"I remember you used to run around wearing your mother's white coat. It would be down to your shins." A faint, sad grin etched itself on her face. "I was so sorry to hear about her."
"Thank you. My father too."
"Oh dear," Mrs. Connolly said. "Oh dear."
"And I'm sorry about your husband. I don't believe we've spoken since he passed. Dr. Connolly was a great psychologist."
"Yes." Her head bobbed with tiny nods, perhaps a Parkinson's tremor. She stepped back, opening the door. "Please come in. It's been so long since I've had a visitor. What prompted you to stop by?"
"I… I actually wanted to know if your husband kept any of his old files and records."
Her face fell with disappointment, and David could have killed himself for it. "Oh, of course. You stopped by on a work matter. You must be awfully busy."
She turned and shuffled slowly back into the musty interior of the house, steadying herself by setting her trembling hands on counters and the backs of chairs.

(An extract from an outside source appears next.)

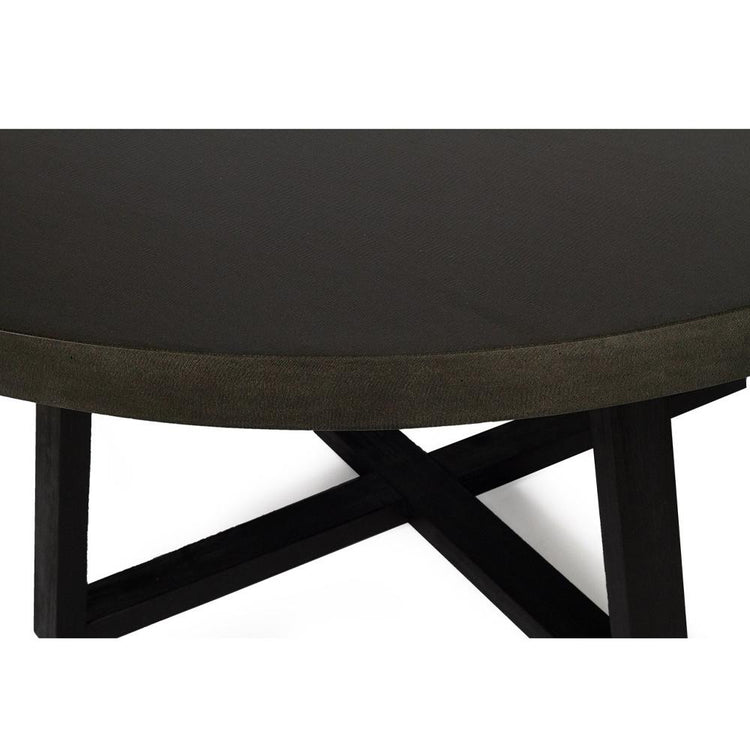 Dining Table - Elkstone 1.6m Alta Round Dining Table | Ebony Black With Black Acacia Wooden Legs - ETA: August 2021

"My J.P. kept all his files and records. They're in his study, every last one of them, organized by date, color, size. He was very protective about them, but I'm sure he wouldn't mind Janet Spier's son having a look around." She raised her arm up in the air with a giggle, and David recognized, for the first time, the younger Mrs. Connolly he remembered. He followed her patiently down a long, thickly carpeted hall, gripping her arm gently from behind. She paused before a door. "You'd better open it, dear. It sticks. I'm afraid I don't have the strength anymore."
David found he had to throw a little shoulder into the door to get it open. Dr. Connolly's office sat virtually untouched. A magisterial desk and leather chair, a wall of filing cabinets, rows of meticulously organized medical journals. A thick film of dust covered everything, and the smell of pipe smoke that David recalled still tinged the air.
Mrs. Connolly stood in the doorway for a moment, taking in the room. "I haven't seen the inside of this room in some time." She shook her head once, as if throwing off sad thoughts, and forced a smile. "Take your time, dear," she said. "I'll be in the living room, watching the TV."
David waited to make sure she safely navigated the dark hall, then closed the door and surveyed the room. Dr. Connolly kept his office impeccably organized, and David located the relevant files in the cabinets in no time. Fear's Legacy-1973.
He pulled out the two general files and set them on the desk. Swirls of dust lifted from the leather blotter and refused to settle. The abstract sat at the front of the first folder. It was titled
FEAR'S LEGACY: SORROW, DISTRESS, AND ANGER.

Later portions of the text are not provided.